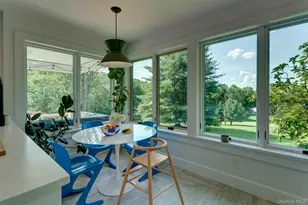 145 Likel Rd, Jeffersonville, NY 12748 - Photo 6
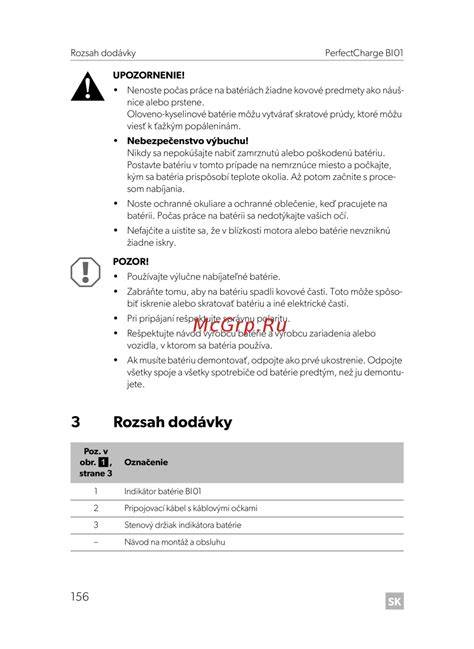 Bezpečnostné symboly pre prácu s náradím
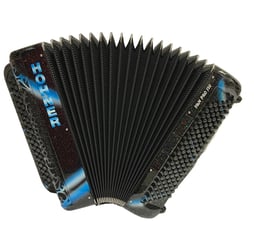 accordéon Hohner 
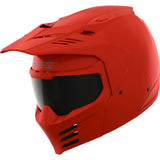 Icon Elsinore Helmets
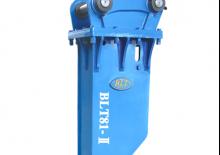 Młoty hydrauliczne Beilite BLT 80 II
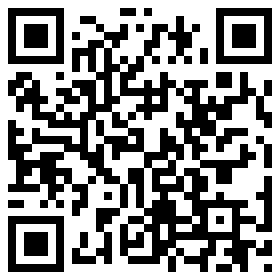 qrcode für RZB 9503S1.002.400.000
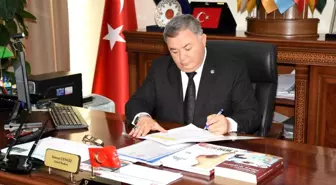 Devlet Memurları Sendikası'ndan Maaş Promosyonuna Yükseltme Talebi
---
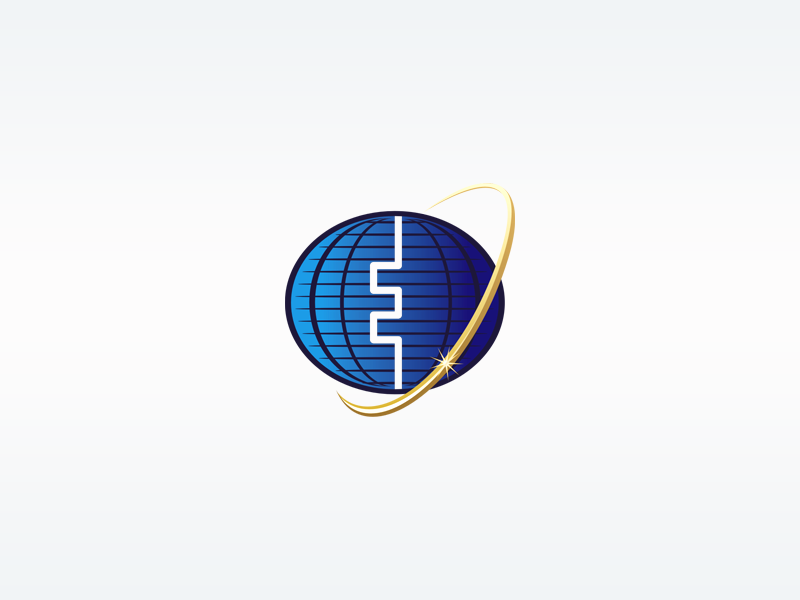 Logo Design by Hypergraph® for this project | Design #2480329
...
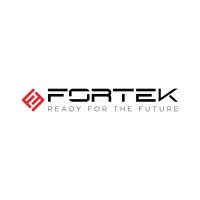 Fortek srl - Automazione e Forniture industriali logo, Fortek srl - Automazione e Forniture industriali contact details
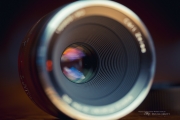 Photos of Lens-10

*WHAT TO PRODUCE*
Transcribe, from the material above, the stretch starting at the line with "145 Likel Rd, Jeffersonville, NY" and ending at the line with "Devlet Memurları Sendikası'ndan", both included, exactly. Do not carry over pictures.

*OUTPUT FOR THIS TASK*
 145 Likel Rd, Jeffersonville, NY 12748 - Photo 6
 Bezpečnostné symboly pre prácu s náradím
 accordéon Hohner 
 Icon Elsinore Helmets
 Młoty hydrauliczne Beilite BLT 80 II
 qrcode für RZB 9503S1.002.400.000
 Devlet Memurları Sendikası'ndan Maaş Promosyonuna Yükseltme Talebi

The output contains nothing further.